Not long ago, the idea of photographing a black hole was as quixotic as photographing a unicorn. Now, scientists have not one but two images of two different supermassive black holes — and they both look as magical as flaming doughnuts.
“I remember when black holes were purely theoretical,” said Ellen Stofan, under secretary for science and research at the Smithsonian and former chief scientist at NASA, during a post-reveal panel on Thursday. Moderated by Stofan, the conversation brought together four members of the Harvard-led team of scientists that in 2019 revealed to the world the first image of a black hole — a behemoth dubbed M87 after its galaxy, Messier 87. Hours before the panel discussion, the team shared a second image — a close-up of Sagittarius A-star (or Sgr A*), the black hole snacking on light and cosmic debris at the center of our very own Milky Way galaxy.
“There can be no doubt now that we’ve seen black holes for the first time,” said Shep Doeleman, founding director of the Event Horizon Telescope collaboration, an international team of more than 100 scientists led by the Center for Astrophysics | Harvard & Smithsonian. “It’s the dawn of a new era in astronomy.”

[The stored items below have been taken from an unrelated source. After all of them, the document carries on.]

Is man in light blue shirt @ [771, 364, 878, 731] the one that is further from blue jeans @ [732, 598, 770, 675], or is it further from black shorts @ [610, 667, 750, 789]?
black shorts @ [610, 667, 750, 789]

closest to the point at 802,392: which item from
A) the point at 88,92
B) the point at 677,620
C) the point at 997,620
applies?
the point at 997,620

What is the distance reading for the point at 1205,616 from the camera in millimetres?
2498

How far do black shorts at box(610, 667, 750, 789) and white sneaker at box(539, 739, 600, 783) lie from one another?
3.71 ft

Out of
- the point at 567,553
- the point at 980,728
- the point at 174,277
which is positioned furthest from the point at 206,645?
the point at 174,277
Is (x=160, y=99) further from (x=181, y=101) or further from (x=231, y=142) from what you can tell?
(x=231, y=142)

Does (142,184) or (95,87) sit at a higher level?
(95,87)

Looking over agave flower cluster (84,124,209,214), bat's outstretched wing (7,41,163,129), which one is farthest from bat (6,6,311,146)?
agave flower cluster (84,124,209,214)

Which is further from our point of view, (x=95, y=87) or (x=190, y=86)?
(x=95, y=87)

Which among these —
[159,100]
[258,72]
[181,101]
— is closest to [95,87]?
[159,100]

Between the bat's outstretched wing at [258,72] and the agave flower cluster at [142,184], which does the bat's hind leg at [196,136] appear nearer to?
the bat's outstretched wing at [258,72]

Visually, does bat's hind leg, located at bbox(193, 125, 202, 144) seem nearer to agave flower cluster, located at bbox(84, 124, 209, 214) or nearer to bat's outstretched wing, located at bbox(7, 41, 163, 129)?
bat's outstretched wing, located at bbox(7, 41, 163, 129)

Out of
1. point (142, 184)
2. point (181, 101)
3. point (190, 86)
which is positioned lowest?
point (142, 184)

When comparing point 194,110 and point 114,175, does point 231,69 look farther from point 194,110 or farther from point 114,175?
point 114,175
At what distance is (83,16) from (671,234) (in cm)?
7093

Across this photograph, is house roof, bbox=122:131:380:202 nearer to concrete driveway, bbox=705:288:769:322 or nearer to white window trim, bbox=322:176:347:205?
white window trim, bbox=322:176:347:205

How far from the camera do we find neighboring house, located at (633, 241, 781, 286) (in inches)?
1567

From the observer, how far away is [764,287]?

In this new era, scientists could prove — or disprove — Einstein’s long-held theories of gravity and relativity, find Earth 2.0, or discover a wormhole to another universe. (The latter won’t be so hard for Doeleman, who said, cheekily, that he comes from another universe.)
Photographing a black hole is even harder than it sounds. To capture images of objects so far away, “You’d need a telescope the size of the Earth,” said Kari Haworth, an engineer and the chief technology officer for the Center for Astrophysics. “We didn’t do that because that’s impossible, and it would ruin a lot of people’s views,” she said.
Instead, the researchers turned the Earth into a giant telescope by coordinating individual machines positioned in Hawaii, Chile, Mexico, Spain, France, and other locations. Each team had to snap a photo at the exact same time. Because black holes gobble up everything that gets too close — even light — they cannot be seen. But their massive gravity pulls in and compresses nearby light and debris, creating a spinning gaseous eddy that’s teeming with energy. “Turning falling matter into luminosity,” was how Doeleman put it.
That luminosity can be seen and photographed. Some of the light that gets pulled into the black hole’s gravitational field makes a U-turn or a loop-de-loop before escaping and shooting off in the direction of Earth, carrying an image of where it came from. The EHT team’s final photograph is a composite of pictures taken by each telescope and stacked one on top of each other. To combine all that data — which is light, captured at a very precise moment in time — the team needed to achieve one more strange feat. Each telescope team froze their light, stored it on hard disks (it’s too massive to send across the internet), and flew it, by airplane, to one central location.